A Principled Stand Against Question 7

Gabriel J. Michael Oct 26, 2012

If the Maryland Public Policy Institute espouses the principles of free enterprise, limited government, and civil society, why, as an organization, are we critical of expanding gambling in Maryland? After all, casinos are private businesses, and gambling laws are government regulation—so shouldn’t we support additional competition and reduced regulation in the gambling marketplace?

In theory, yes. If we assume that casinos, with their slot machines and table games, offer a valuable entertainment service, additional competition and reduced regulation would doubtless provide us this service at a lower cost.

However, there are two problems with this argument. First, there is not widespread agreement about the nature of gambling as a socially valuable service, and thus there is not widespread agreement that as a matter of policy, we ought to be providing opportunities to gamble to as many people as possible at the lowest cost. Consider a roughly analogous marketplace—that of illegal drugs. We don’t look for opportunities to lower the cost and increase the audience for illegal drugs, because in general, we don’t believe that illegal drugs are a socially valuable good. Related to this first problem is the issue of unquantifiable social ills associated with gambling—we know that an additional casino and new table games will have some negative effects (such as pathological gambling and drawing revenue away from competing, and perhaps more socially valuable, businesses), but we don’t have an accurate picture of the nature or extent of these negative effects.

That may sound a bit paternalistic. But the second problem with the argument outlined above is less rooted in a sense of moral opprobrium or social concern. The campaign for expanding gambling in the State of Maryland is being supported by an enormous amount of misleading information, as well as convenient omissions of information when it suits supporters. The result is that it’s easy to miss the poor track record and broken promises of gambling advocates in Maryland, both in the public and private sector.

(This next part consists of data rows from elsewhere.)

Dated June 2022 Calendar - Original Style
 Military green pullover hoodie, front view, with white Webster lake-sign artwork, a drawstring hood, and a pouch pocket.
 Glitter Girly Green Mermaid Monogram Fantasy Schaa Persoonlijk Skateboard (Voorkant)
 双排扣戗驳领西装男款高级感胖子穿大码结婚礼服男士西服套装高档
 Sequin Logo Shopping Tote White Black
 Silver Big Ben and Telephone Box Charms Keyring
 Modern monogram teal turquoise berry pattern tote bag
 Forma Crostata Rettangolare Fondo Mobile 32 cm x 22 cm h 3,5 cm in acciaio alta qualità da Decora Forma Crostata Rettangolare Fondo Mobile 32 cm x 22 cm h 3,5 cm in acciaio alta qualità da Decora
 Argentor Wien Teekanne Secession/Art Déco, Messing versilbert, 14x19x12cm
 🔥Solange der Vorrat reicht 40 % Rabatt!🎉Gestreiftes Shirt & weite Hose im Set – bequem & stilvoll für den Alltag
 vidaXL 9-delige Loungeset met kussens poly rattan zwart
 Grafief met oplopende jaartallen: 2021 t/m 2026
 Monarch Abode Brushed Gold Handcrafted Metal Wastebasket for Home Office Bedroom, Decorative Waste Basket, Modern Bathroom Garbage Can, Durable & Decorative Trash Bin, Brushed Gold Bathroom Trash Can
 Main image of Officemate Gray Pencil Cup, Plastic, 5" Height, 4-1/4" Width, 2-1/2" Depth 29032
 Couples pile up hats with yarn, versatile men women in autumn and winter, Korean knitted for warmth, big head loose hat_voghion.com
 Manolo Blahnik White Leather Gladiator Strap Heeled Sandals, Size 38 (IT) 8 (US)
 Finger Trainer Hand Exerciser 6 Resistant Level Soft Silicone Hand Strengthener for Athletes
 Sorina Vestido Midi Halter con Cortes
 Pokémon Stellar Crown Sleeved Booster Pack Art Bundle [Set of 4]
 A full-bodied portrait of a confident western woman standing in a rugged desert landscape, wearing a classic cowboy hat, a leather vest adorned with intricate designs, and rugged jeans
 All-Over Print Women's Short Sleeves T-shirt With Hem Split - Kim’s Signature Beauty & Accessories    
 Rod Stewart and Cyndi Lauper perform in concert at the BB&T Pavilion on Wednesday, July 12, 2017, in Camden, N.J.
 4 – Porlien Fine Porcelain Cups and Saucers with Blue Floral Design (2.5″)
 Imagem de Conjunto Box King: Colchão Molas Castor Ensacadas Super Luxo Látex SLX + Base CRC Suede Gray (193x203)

From the beginning, the state’s approach to expanding gambling was misguided. Instead of using a reverse auction to attract potential operators who would offer the state the largest amount of tax revenue, we required multi-million dollar application fees, with the result that there was virtually no contestation for any of the casino licenses—they were simply awarded to the only qualifying bidder. Creating a monopsony was hardly an effective way to ensure that the state was getting a good deal in doling out casino licenses. In the case of Allegany County, when no qualified bidders were interested in the license, we realized our legislatively mandated tax rate was incorrectly set, so we changed it.

Next, we decided that our state government—which had no experience in operating casinos—would do a better job of selecting and placing slot machines in private casinos than the casino operators themselves. So we used taxpayer money to purchase or lease over 7,000 slot machines, at an average cost of over $38,000 a machine. A few years later, we realized this didn’t make any sense, and quietly decided to require casinos to obtain their own slot machines.

The state’s 2007 estimates of the revenue to be received from slot machines (the estimates used to sell the plan to the public) ended up overstating the amount by an order of magnitude in FY 2012, and will likely do so again in FY 2013. Over the next five years, hundreds of millions of dollars in expected revenues are dedicated to subsidizing Maryland’s horse racing industry.

This year, in order to entice additional casino operators to the state, we had to reduce their tax rates once again, while at the same time increasing the income tax rate paid by Maryland citizens. Casino operators are also exempted from personal property taxes on their equipment, while every other capital-intensive business in Maryland must pay up.

Finally, perhaps all of these giveaways, sweetheart deals, and simple mismanagement could be forgiven if expanding gambling accomplished its stated goal of providing additional funding for Maryland’s schools. Sadly, as numerous commentators have indicated, there is absolutely no guarantee that gambling revenues will not simply displace general revenues for education spending. The result will likely be a level amount of spending for education, and additional general funds for new pet projects or windfall tax credits in the state.

You don’t have to take our word for it. Our colleagues over at the left-leaning Maryland Budget and Tax Policy Institute agree with us. Our two organizations rarely agree on anything; the fact that we both agree that expanded gambling, as proposed, is a bad bet for Maryland is very telling.